Ja: Die demokratische Gesellschaft braucht ein „Aufstehen“ und „ein
starkes gesamtgesellschaftliches Bekenntnis“ zu Kultur und zur Freiheit
der Kunst. Denn Kultur konfiguriert die Gemüter und ist eine der
wesentlichen geistigen Einflusssphären, die der menschlichen
Gesellschaft zur Verfügung stehen. Als aufgeklärt-modernes „Werte- und
Intelligenzübertragungssystem“ kann sie sogar als eine grundlegende
Bedingung von Demokratie verstanden werden („Kultur um der Freiheit
willen“ - Christian Meier). Genau deshalb kann sie aber keineswegs
länger vor allem die Kunst vergangener Jahrhunderte und die
Unterhaltungsindustrie meinen, denn dies würde früher oder später das
Ende von Demokratie bedeuten. Und die gegenwärtige Kultur trägt
hinreichend (bisher weitgehend unterdrückte) kreative Intelligenz mit
sich, um auch mit Corona-Krisen umgehen zu können und große Katastrophen
vielleicht sogar von vornherein zu vermeiden.
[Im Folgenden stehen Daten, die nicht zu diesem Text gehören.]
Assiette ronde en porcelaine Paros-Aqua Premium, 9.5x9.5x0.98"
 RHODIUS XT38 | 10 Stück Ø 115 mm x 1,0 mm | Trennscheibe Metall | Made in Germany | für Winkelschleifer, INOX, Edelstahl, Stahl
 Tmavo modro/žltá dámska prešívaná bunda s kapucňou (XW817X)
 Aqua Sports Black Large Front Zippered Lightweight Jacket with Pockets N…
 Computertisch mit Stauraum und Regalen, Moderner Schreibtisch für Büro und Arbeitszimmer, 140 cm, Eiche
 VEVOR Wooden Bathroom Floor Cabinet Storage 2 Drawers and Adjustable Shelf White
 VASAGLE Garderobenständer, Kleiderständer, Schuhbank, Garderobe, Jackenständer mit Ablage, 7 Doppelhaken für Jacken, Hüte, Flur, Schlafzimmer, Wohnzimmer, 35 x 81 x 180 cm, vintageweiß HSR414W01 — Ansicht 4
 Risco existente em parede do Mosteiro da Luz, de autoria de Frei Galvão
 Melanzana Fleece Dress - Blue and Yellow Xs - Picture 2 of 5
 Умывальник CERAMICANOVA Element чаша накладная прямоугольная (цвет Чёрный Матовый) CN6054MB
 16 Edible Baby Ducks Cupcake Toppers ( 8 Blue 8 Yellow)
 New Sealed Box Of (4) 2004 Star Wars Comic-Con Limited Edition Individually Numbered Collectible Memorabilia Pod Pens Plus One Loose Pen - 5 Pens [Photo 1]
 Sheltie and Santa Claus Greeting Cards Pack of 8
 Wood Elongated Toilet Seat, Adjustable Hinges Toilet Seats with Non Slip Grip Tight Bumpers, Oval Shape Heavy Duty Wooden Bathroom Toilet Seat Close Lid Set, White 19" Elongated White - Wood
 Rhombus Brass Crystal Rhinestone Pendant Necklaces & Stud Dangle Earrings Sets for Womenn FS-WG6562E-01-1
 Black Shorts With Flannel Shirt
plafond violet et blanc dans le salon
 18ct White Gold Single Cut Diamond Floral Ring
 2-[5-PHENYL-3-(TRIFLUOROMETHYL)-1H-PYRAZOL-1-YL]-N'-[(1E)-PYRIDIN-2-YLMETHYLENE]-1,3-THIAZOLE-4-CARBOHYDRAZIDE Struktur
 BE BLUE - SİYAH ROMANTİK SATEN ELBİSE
Während meine Kultur-Konzeption Interpretationskünste grundsätzlich
mitdenkt, werden in Ihrer Kultur-Konzeption Kreationskünste wie die von
Streubel, Jürgen Fuchs, Reiner Kunze oder auch meiner Wenigkeit offenbar
weitestgehend ausgeblendet. Diese „versuchte kulturelle Eliminierung“
kann auf Dauer nicht gut gehen. „Die Pandemie gilt gemeinhin als
Brandbeschleuniger“ sagten Sie, Frau Lemke-Matwey, und stellten die
Frage: „Nimmt durch Corona auch die latente Legitimations- und Sinnkrise
der Kultur stärker Fahrt auf?“
Ich selbst hoffe, dass diese „Sinnkrise der Kultur“ zunehmend als solche
erkannt und damit begonnen wird, sie tatsächlich zu lösen, anstatt in
ein „weiter und wieder so“ zu verfallen. Dafür habe ich seit Jahren eine
Reihe von Überlegungen (bis hin zu integral-games.net) angestellt. Zumal
ein „weiter so“ verheerend wäre, kommt es auch auf Sie, sehr geehrte
Herren, und Ihre Institutionen an: Ob Sie dazu beitragen wollen, diese
Institutionen angesichts von Moderne und Anthropozän so aufzustellen,
dass sie Antworten auf die großen Fragen unserer Zeit zu kommunizieren
vermögen und somit Bestand haben, oder ob sie früher oder später in
einem neuen Totalitarismus inklusive digitaler Totalüberwachung landen
(s.a. China, Ungarn, Polen, Russland …). Sieht man mal von Corona ab,
dürften Sie sich in einem neuen Totalitarismus möglicherweise „weiter so
wie bisher“ verhalten … Wollen Sie das wirklich? Sollten Sie stattdessen
die Corona-Krise nicht nutzen, um sich zu besinnen und auch persönlich
den wirklich großen Fragen unserer Kultur und ihrer Zukunft zu stellen
und Ihre eminenten persönlichen Begabungen dafür einzusetzen?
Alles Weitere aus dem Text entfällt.